En el libro de la escuela primaria, correspondiente al quinto grado, hay dos textos que surgen de la única novela del fabulador de Zapotlán. El primero es un fragmento en el que se describe la feria del pueblo; y el segundo es otro que ya no recordaba, pero que en un encuentro con el poeta David Huerta le escuché recitar, ya que lo sabía de memoria —me lo dijo en 1997, en el huerto de mi casa de la calle Alcalde, donde una tarde salimos a disfrutar de comida y tequila— porque en sus noches de cuitas en la Ciudad de México con Orso Arreola «casi invariablemente cuando caminábamos en las madrugadas por las calles del centro terminábamos diciéndolo a dos voces»:
Si camino paso a paso hasta el recuerdo más hondo, caigo en la húmeda barranca de Toistona, bordeada de helechos y de musgo entrañable. Allí hay una flor blanca. La perfumada estrellita de San Juan que prendió con su alfiler de aroma el primer recuerdo de mi vida terrestre: una tarde de infancia en la que salí por vez primera a conocer el campo. Campo de Zapotlán, mojado por la lluvia de junio, llanura lineal de surcos innumerables…
Yo imaginé —al tiempo que me narraba el hecho— a David y a Orso: perdidos en las sombras, pero de pronto iluminados de manera dramática por las luces artificiales.
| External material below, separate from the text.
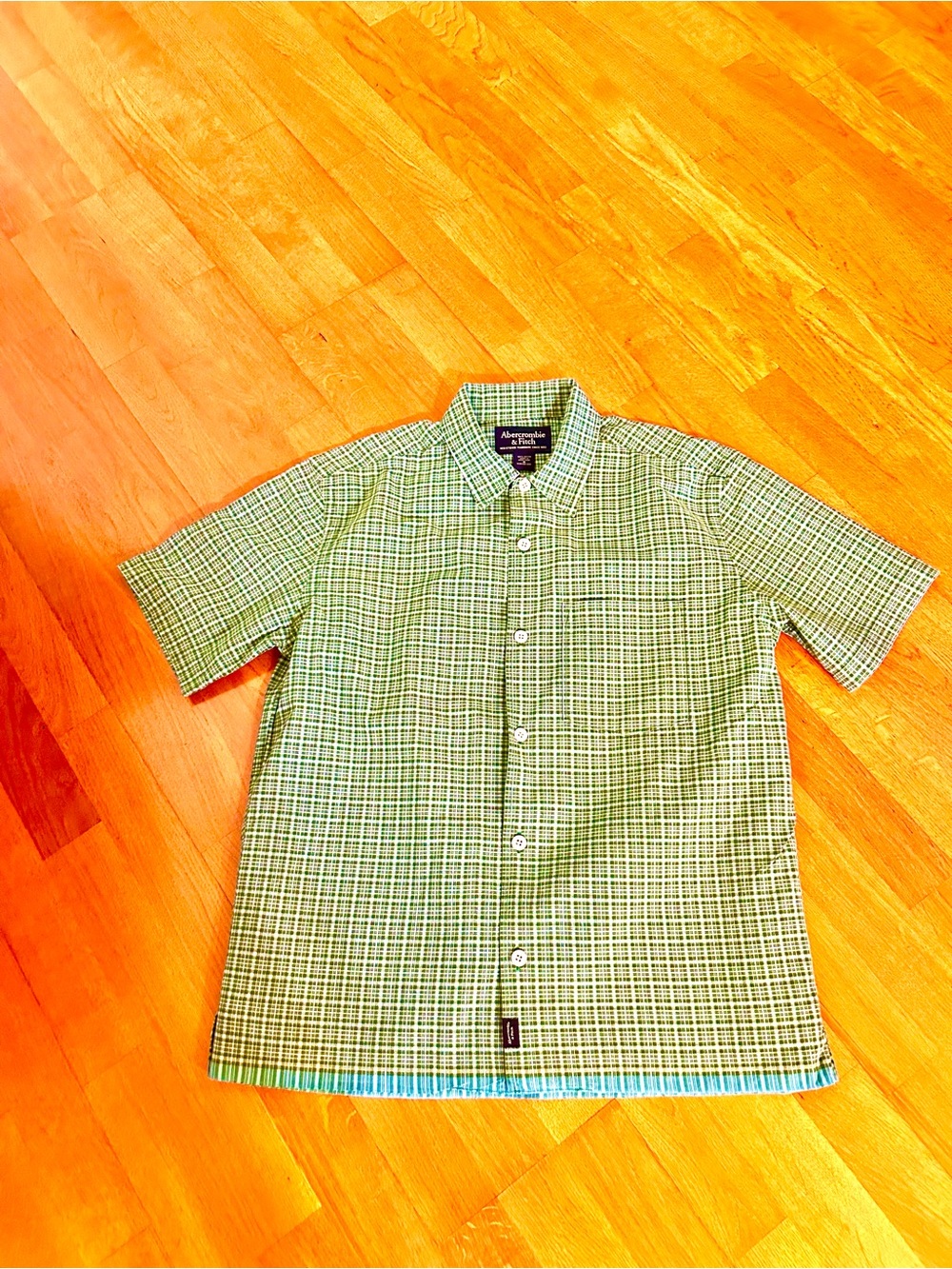 Vintage Abercrombie and Fitch Short Sleeve Plaid Shirt Blue/Green Small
Únicamente sus voces en el páramo de la gran ciudad; solamente ellos como habitantes del mundo, alejados —en definitiva— de lo que fue el Zapotlán de Arreola.
El poema quizás fue la simiente de La feria (donde los curiosos pueden leerlo completo entre sus páginas); nació en 1951 como un solitario poema en prosa con el que Arreola (con un título poco afortunado: «Oda a Zapotlán, con un canto terrestre para José Clemente Orozco») ganó los Juegos Florales de Zapotlán ese año. El concurso, sabemos, fue presidido por Arturo Rivas Sáinz, Alfredo Velasco Cisneros y J. Manuel Ponce.
El poema es como un sueño de un adulto que va hacia la infancia en busca de un tiempo ya perdido para siempre, pero avivado gracias a la memoria, al lenguaje. Como casi todos los textos de Arreola, la palabra está puesta en escena y logra que en su movimiento sea efectiva y, en este caso, afectiva. Evoca e invoca. Rememora y hace que de inmediato quien lo lee se sienta obligado a decirlo en voz alta. Toda la obra de Juan José Arreola nos recuerda que fue un actor, un recitador y, claro, un pulcro prosista.
Es, entonces, la descripción de un sueño y nos hace ensoñar un mundo perdido: ya en Zapotlán no existe exactamente la barranca y ahora es casi imposible mirarla. O ya no se puede mirar. Nos queda solamente el poema de Arreola. Es, pues, un vestigio de un lugar que ya no está. Yo a los doce años leí el poema y entonces busqué el lugar, pregunté por él, pero ya nadie me supo decir con exactitud si realmente existió.
Quedan, eso sí, el bosque y los helechos; y si se tiene fortuna, alguno podrá encontrar en algún camino la blanca flor, «la perfumada estrellita de San Juan».
Cada vez que leo La feria me nace el deseo de volver a los campos de Zapotlán.